I have some questions:
1) I reviewed couple topics here about Silicone. If I use GE Silicone 1 inside the aquarium, Is it still safe for using inside the tank or it's safe only for outer joints? I asked in Rona and they said that it's not designated for aquariums.
2)How about hot glue? 
3)How long will take the silicone completely to be cured? 2-3 days?
The reason that I am asking is because I don't have an extra aquarium to put my fish and frogs in for that time. How long fish can stay in a bucket (of course with aeration)?
I like my little friends and I don't want to make stress for them.
Any advice would be appreciated. 
Thanks a lot.


----------



## skrick (Apr 25, 2010)

use GE doors and windows #1 silicone the blue tube its fine and cure for a few days


----------



## gklaw (May 31, 2010)

Really, does it worth taking chance of loosing fish to save $10 off a tube of silicon that will last for a year. I would grab one from LFS.
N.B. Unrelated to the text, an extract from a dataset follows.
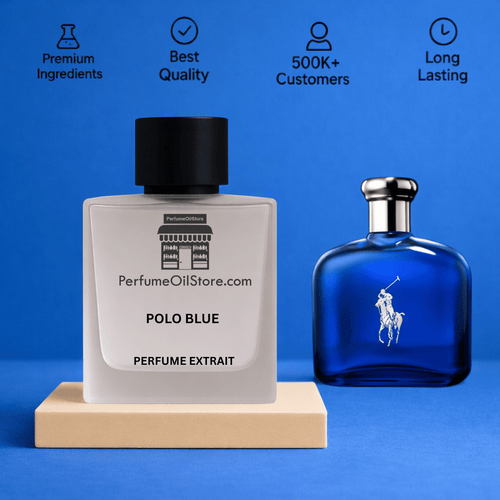 Polo Blue perufme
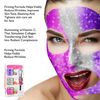 SpaScriptions BeDazzled- Firming & Pore Refining Glitter Peel-Off Masks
Not hot melt glue ! Won't hold permanently, so disaster waiting to happen.

You should be able to put your fish back in after 24 hours cure if you are in a rush. It will release vinegar into your water while curing, that all.


----------



## Froggy (Jan 23, 2012)

gklaw said:


> Really, does it worth taking chance of loosing fish to save $10 off a tube of silicon that will last for a year. I would grab one from LFS.


I am not looking to save money on it. I just searched for aquarium safe silicone today (Rona, HD,Canadian tire). I didn't find. Thanks for reffering to LFS. I didn't think about it.


----------